▶ **Exercise**: Leaving out every picture, copy the lines of the data exactly, from the first through the line containing "Navyra Marquise Diamond".

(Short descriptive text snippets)

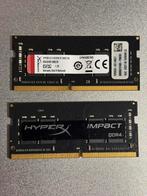 Kingston hyperx 16gb kit 2X8gb DDR4, Computers en Software, RAM geheugen, Ophalen of Verzenden, Zo goed als nieuw, DDR4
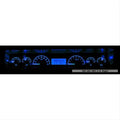 196667 CHEVY NOVA VHX SYSTEM SILVER ALLOY STYLE FACE BLUE DISPLAY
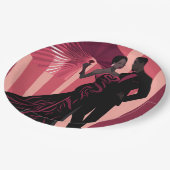 NOIR ELEGANCE-RED #1 PAPPTELLER (Schrägansicht)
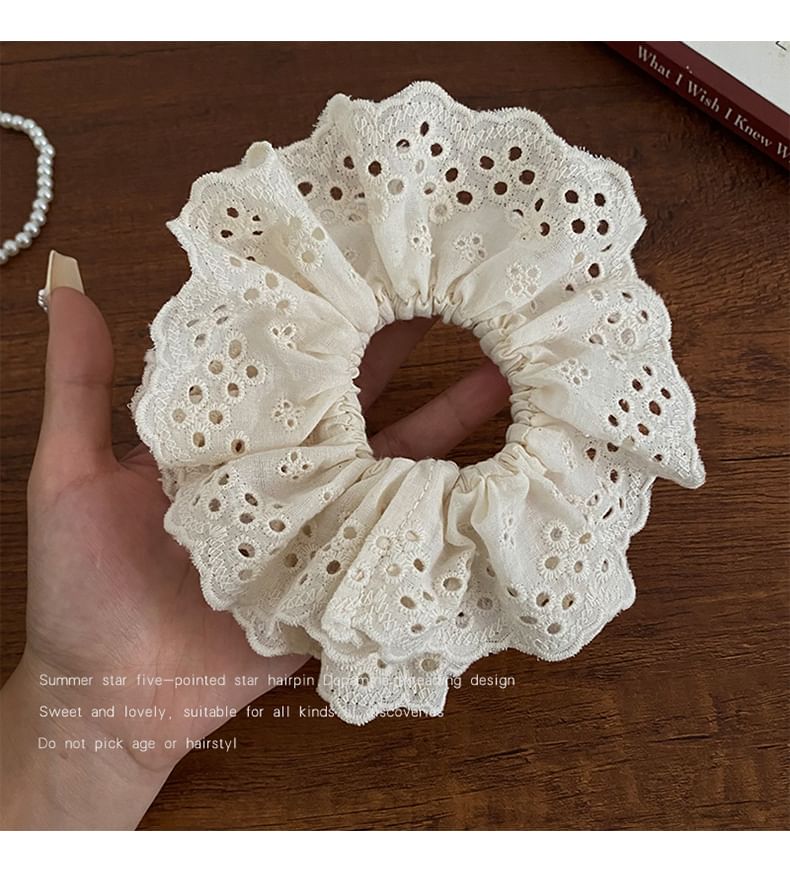 Perforated Scrunchie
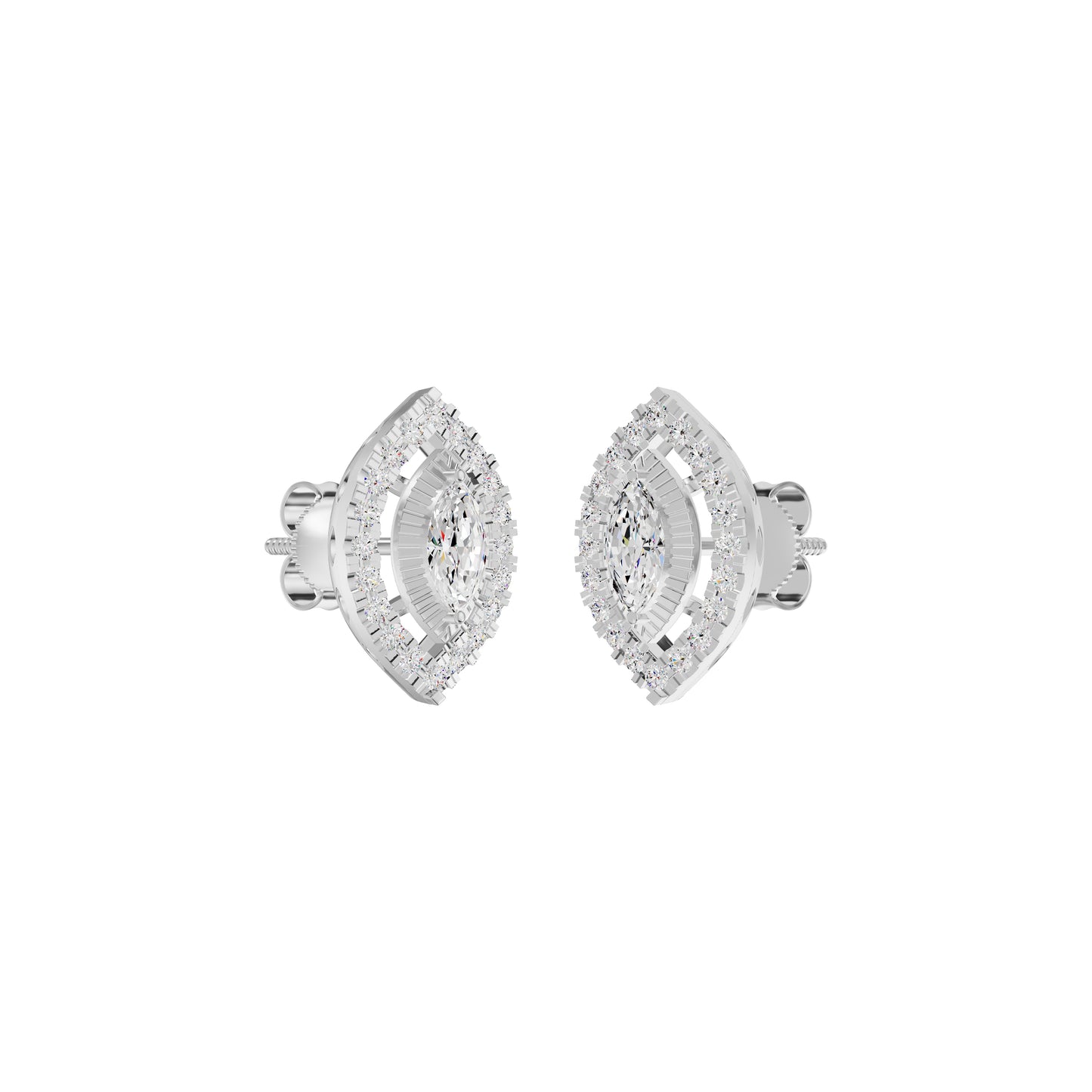 Navyra Marquise Diamond Earrings 18 KT / White Gold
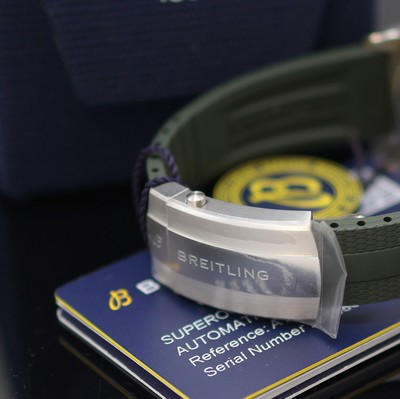 27130944c - BREITLING Superocean Chronometer ungetragene Herrenarmbanduhr Referenz A17376, ...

▶ **Task solution**:
 Kingston hyperx 16gb kit 2X8gb DDR4, Computers en Software, RAM geheugen, Ophalen of Verzenden, Zo goed als nieuw, DDR4
 196667 CHEVY NOVA VHX SYSTEM SILVER ALLOY STYLE FACE BLUE DISPLAY
 NOIR ELEGANCE-RED #1 PAPPTELLER (Schrägansicht)
 Perforated Scrunchie
 Navyra Marquise Diamond Earrings 18 KT / White Gold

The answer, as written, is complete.